Feb 01, 2018
DENVER – Denver’s airport is making progress to ensure airlines pay all the fees they owe, but there’s still room for improvement to ensure all money is collected in a timely and accurate manner. That’s according to a new follow-up report from Denver Auditor Timothy M. O’Brien, CPA, and his office.
“Airlines are one of the largest sources of revenue for the airport,” Auditor O’Brien said. “It’s essential to make sure the money is managed efficiently and effectively.”
The report looks at the progress made on 14 recommendations from a 2016 audit of DIA’s management of airline agreements. The most recent independently audited financial statements for DIA report that in 2014, 2015 and 2016, airline revenue represented 54%, 50% and 47% respectively of the total airline operating revenues. The original audit found weaknesses that impacted the airport’s ability to effectively collect some revenue from those airlines.
One area still in need of improvement is the process of receiving money from airlines and crediting them for the correct invoices and fees. Our audit team found, despite the 2016 recommendation, payments are still often misapplied and then staff has to contact the airline representatives to reconcile disputed transactions. Some misapplied payments could result in disputed accrued interest penalties and extra work for staff.
We also found some remaining room for improvement in the billing process of airline space changes.
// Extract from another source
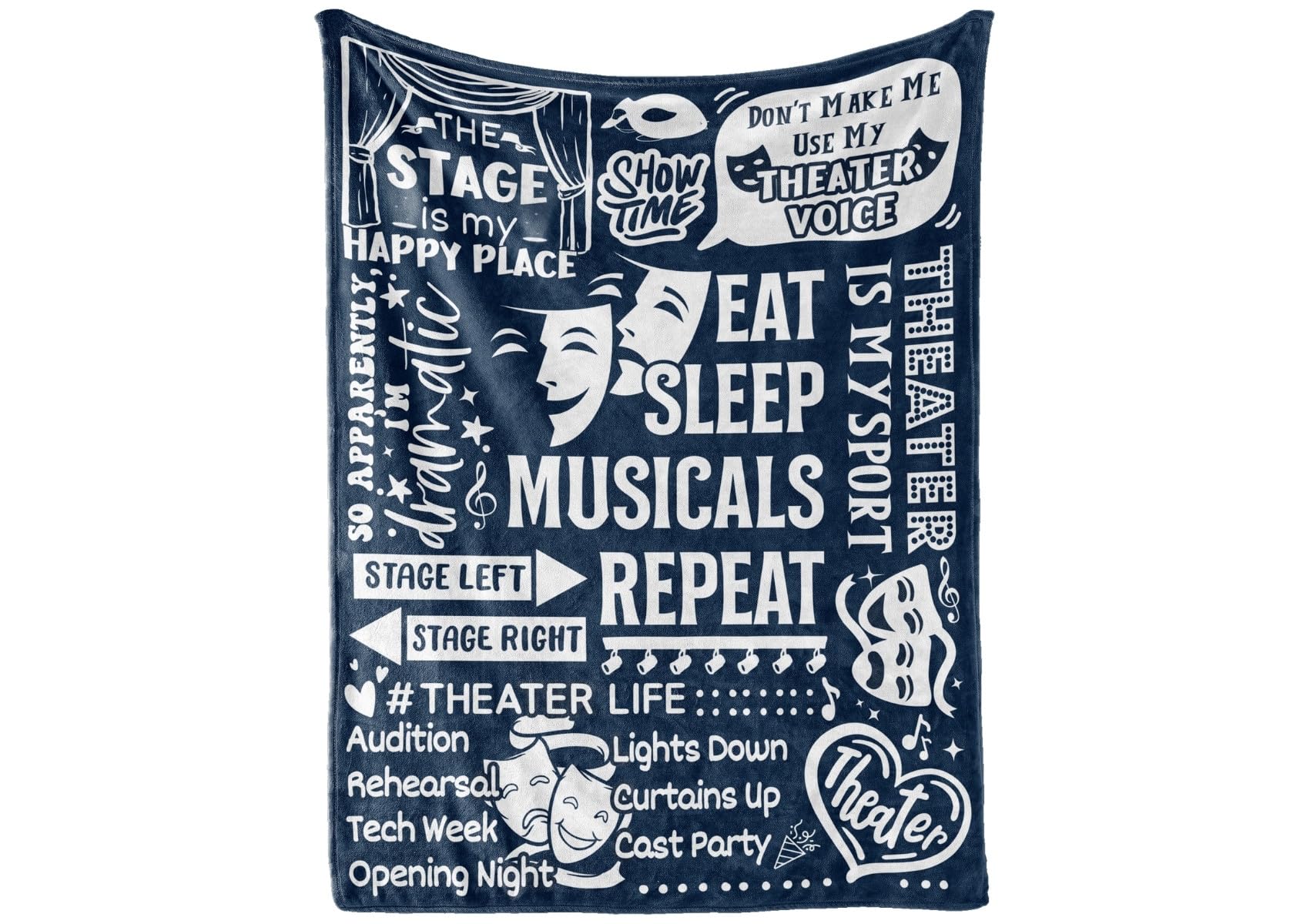 Theater Gifts Blanket Throw - Gift for Broadway Theatre Lovers Girls Boys Women - Eat Sleep Musicals Repeat - 50" x 65", Blue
Airlines pay for space that they occupy in the terminal, on concourses and in some cases in hangars. As business needs change, airlines frequently request more, less or different space. Since the original audit, DIA has improved the procedures for identifying space changes and amending airline use and lease agreements, however there are still flaws in the timely billing of these changes, identifying new rates and generating new invoices.
We found airline space changes that occurred between January 2017 and June 2017 that had not been billed to airlines as of Nov. 1, 2017. The goal is to get space change billing updated within 30 days. Those in charge of following through on this 30-day requirement are not always successfully doing so. We found in 2017 some space change bills were not processed for billing for three to eight months.
We also found some flaws in the follow-through on cross training finance personnel staff to ensure no gap in duties related to properly applying payments and billing non-space revenue in a timely manner when one person is unavailable or leaves the organization. There is also still room for improvement in ensuring yearly space inspections happen. While the Policy and Procedures Guide now requires the inspections, there are no instructions for documenting and resolving concerns, or even a log to track that the inspections are completed.
There are several areas where the airport has made significant improvement. DIA’s senior vice president of airline affairs has started requiring a review of airline use and lease agreements twice a year. The airport has also improved controls to monitor liability insurance and surety bonds to ensure compliance with airline use and lease agreements.